> **Given data**:
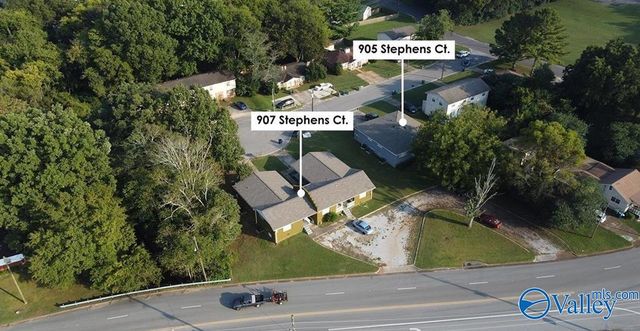 905 Stevens Court NE, Huntsville, AL 35801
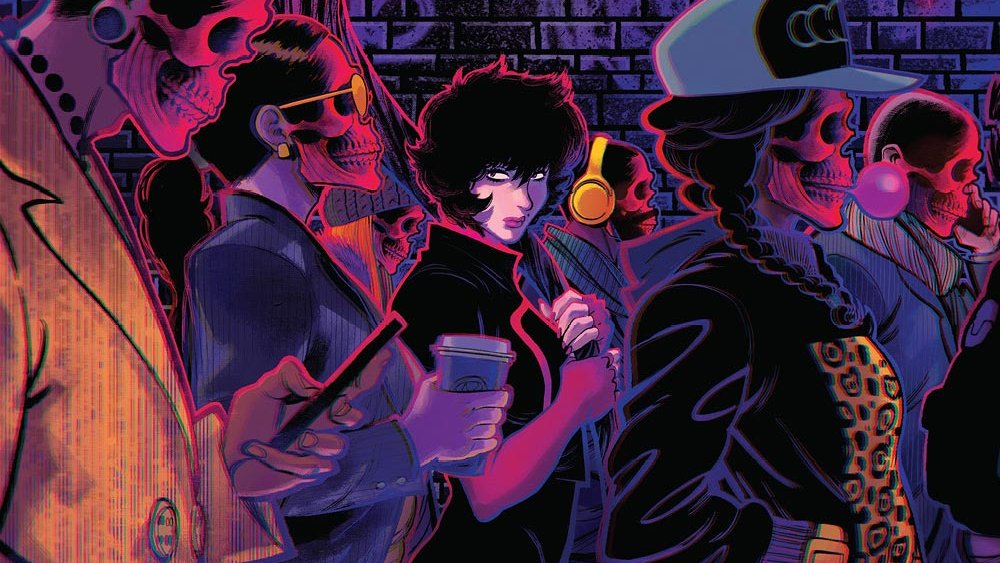 🆕NEW EPISODE!

Episode 177!?

This week we are giving our thoughts on "Grim Vol. 1", as well as going over some nerd news! 

Latest ep on:
🖥The Site: bit.ly/3RR9k96
🍎Apple: bit.ly/3RJqDbT
🟢Spotify: bit.ly/40H74VF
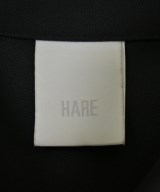 HARE（ハレ）ワンピース 黒 サイズ:F レディース/2200726365027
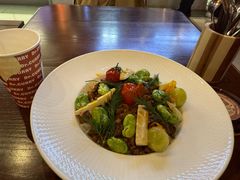 -伽喱博士 Dr.CURRY咖喱饭(太阳宫咖喱店)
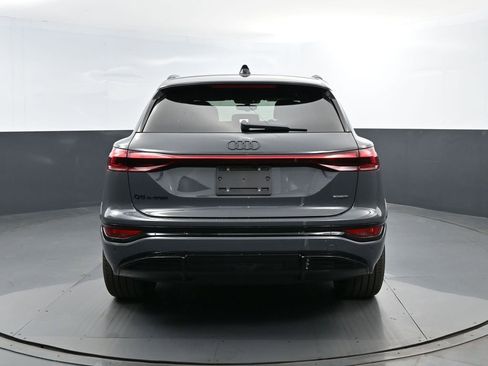 New 2027 Audi Q6 e-tron Premium AWD/4WD image 23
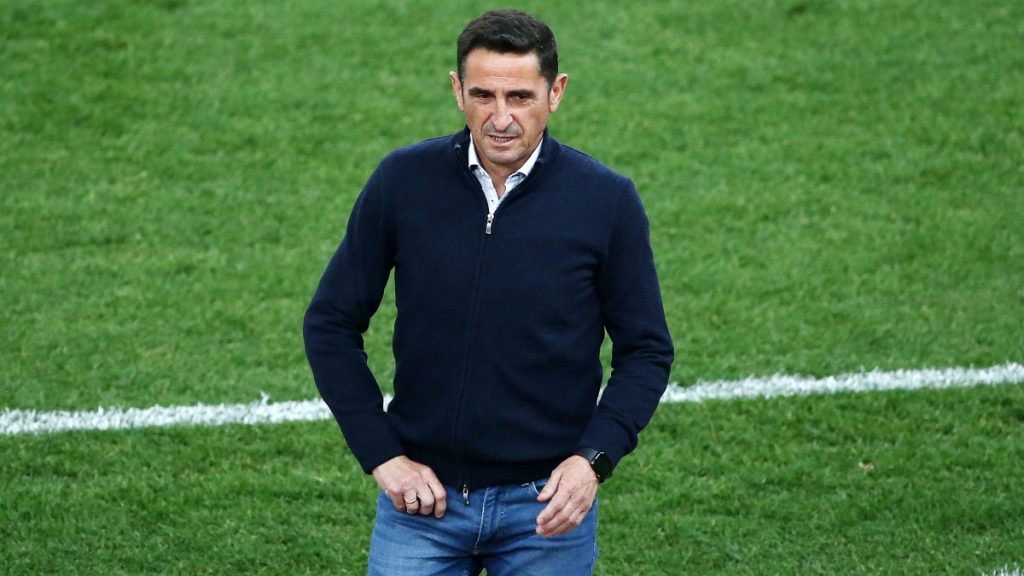 Την Παρασκευή φτάνει στη Θεσσαλονίκη ο Μανόλο Χιμένεθ για να αναλάβει τον Άρη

> **Work order**:
Print each entry shown above with exact wording and no pictures.

> **Reply**:
 905 Stevens Court NE, Huntsville, AL 35801
 🆕NEW EPISODE!

Episode 177!?

This week we are giving our thoughts on "Grim Vol. 1", as well as going over some nerd news! 

Latest ep on:
🖥The Site: bit.ly/3RR9k96
🍎Apple: bit.ly/3RJqDbT
🟢Spotify: bit.ly/40H74VF
 HARE（ハレ）ワンピース 黒 サイズ:F レディース/2200726365027
 -伽喱博士 Dr.CURRY咖喱饭(太阳宫咖喱店)
 New 2027 Audi Q6 e-tron Premium AWD/4WD image 23
 Την Παρασκευή φτάνει στη Θεσσαλονίκη ο Μανόλο Χιμένεθ για να αναλάβει τον Άρη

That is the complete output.